George Packer: Donald Trump is trying to trick Americans into giving up on democracy
Now, as is true for many politicians before him, staying in office is the surest way to evade investigation, prosecution, and conviction. That fact informs my colleague Barton Gellman’s cover story in the latest Atlantic, which asks what will happen if Trump loses the election, then refuses—as he promises he will—to concede. I agree with Gellman’s premise that Trump will not under any circumstances concede, if conceding means acknowledging that he was beaten in a fair fight. But I see some leeway where Gellman does not, because just as there was an indolent way into the presidency, there is an indolent way out. What if Trump does not concede—and he continues not to concede, even as he packs his suitcases, swipes some White House–branded complimentary toiletries, and walks onto the South Lawn and into Marine One and waves farewell to the presidency?

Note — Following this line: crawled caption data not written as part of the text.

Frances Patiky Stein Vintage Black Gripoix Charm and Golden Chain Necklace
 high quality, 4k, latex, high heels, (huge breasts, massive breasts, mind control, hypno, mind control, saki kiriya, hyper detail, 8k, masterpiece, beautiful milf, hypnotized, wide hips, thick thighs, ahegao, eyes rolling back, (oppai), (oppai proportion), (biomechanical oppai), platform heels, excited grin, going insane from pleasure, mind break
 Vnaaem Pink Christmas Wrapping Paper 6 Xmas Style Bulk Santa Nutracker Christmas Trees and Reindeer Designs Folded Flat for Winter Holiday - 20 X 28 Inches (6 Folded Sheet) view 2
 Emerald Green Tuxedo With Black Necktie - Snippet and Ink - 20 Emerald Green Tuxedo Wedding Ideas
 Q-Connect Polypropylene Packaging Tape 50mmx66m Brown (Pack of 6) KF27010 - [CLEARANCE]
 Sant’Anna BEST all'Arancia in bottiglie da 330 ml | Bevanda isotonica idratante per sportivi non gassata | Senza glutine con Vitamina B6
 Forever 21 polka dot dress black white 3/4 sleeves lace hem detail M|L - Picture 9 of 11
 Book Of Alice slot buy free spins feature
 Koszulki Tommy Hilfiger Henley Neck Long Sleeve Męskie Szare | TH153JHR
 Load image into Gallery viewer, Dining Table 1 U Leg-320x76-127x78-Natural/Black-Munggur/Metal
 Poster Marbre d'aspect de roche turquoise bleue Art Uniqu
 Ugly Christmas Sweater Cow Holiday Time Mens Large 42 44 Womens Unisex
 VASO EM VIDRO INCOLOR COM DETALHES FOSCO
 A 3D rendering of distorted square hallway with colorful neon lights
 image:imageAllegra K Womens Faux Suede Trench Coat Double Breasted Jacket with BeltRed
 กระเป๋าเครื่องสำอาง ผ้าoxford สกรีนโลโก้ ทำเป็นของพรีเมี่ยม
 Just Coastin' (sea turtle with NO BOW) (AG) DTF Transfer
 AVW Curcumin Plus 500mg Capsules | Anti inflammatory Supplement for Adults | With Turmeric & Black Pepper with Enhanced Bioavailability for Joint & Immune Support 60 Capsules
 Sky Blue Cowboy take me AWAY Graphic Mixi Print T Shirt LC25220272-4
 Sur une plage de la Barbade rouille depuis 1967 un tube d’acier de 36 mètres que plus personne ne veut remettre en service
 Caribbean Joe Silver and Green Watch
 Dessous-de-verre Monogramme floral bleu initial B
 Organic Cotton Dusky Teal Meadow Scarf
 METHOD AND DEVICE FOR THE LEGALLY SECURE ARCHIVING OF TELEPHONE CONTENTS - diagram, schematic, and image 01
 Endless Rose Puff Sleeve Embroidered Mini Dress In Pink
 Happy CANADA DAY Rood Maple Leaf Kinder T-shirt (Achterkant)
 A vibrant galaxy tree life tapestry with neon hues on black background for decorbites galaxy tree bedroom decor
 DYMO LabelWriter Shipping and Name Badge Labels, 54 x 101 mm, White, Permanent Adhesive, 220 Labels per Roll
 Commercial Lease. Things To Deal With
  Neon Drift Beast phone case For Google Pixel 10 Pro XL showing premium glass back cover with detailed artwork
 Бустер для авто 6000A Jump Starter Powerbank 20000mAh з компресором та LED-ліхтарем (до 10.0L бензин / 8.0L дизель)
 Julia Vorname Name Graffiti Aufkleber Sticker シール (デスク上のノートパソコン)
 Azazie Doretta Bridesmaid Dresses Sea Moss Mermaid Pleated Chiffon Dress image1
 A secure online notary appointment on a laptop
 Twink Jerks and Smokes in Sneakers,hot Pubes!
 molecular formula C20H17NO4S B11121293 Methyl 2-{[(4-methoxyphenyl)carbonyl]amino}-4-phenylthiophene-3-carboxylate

I think this scenario is in fact the most likely one, if Trump loses the election. And it may even be his preferred scenario, better than an outright victory (which would require another four years of onerous employment), better than showing up on Inauguration Day and having to duel Joe Biden for the right to be sworn in. As for the prospect of civil war: Trump is a coward, and all evidence suggests that he would run from the responsibility, even more burdensome than normal service as president, of overseeing the violent fracture of America. A civil war sounds like a lot of work. The easiest path is also the most lucrative. Get on Marine One, protesting all the way, and spend the rest of your days fleecing the 40 percent of Americans who still think you are the Messiah, and who will watch you on cable news, spend their money on whatever hypoallergenic pillow you endorse, and come to see you whenever you visit their town.
The law would still be a problem: Leave the presidency, and immediately federal prosecutors will be falling over one another to nail to their wall the great orange pelt of an ex-president. One way out would be to self-pardon before leaving office, a constitutionally dubious maneuver that just might work. Another would be to resign in favor of Mike Pence, who, during a very brief caretaker presidency, would offer a Gerald Ford–like absolution, for the good of the nation.